Panelistlerin bu yılki G7 Zirvesi sonucunda görmek istediklerine yanıt olarak,Victor ChaÇin'in lüks ve ara stratejik öğelere olan yüksek bağımlılığını tanımlayarak, "G7 üyelerinin bir tür kolektif ekonomik caydırıcılığın sinyalini vermek açısından nasıl işbirliği yapabileceklerini inceleyen, etki azaltma ve dayanıklılığı tamamlayan veya destekleyen bir strateji hakkında bir tartışma" dedi. Mariko Togashi, kolektif eylem konusunda daha fazla gelişme ve tartışma görmeyi umduğunu yineledi ve ortak bir zemin bulmak ve vermek istedikleri uzlaşmaların kapsamını belirlemek için ülkeler arasındaki ekonomik ve endüstriyel yapılardaki farklılıkları kabul etmenin önemini vurguladı.

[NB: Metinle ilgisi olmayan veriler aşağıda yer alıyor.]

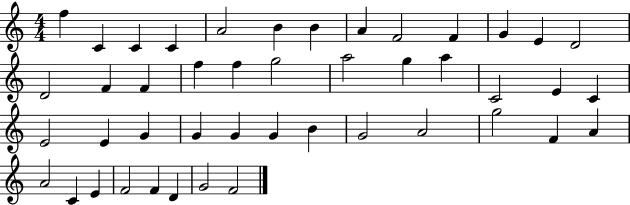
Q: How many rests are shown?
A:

Panelistler oybirliğiyle Çin liderliğindeki ekonomik baskıyla başa çıkmak için acil eyleme geçilmesi gerektiğini kabul etti ve kolektif bir tepki çağrısında bulundu. Dayanıklılığı artırmayı ve tedarik zinciri çeşitlendirmesini, şeffaflığı teşvik etmeyi ve kolektif ekonomik caydırıcılık olasılığını keşfetmeyi içeren ülkeler arasında koordineli bir çaba önerdiler. Panelistler ayrıca tek tip bir yaklaşıma dayanmak yerine, her durumun kendine özgü koşullarını dikkate alan özel bir müdahalenin gerekliliğini vurguladılar ve uluslararası ve bölgesel grupların önemli bir rol oynayabileceği konusunda fikir birliğine vardılar. İleriye bakıldığında panelistler yaklaşan G7 Zirvesi'ni ekonomik baskıya karşı kolektif bir tepkiye yönelik stratejileri daha ayrıntılı incelemek için bir fırsat olarak gördüler.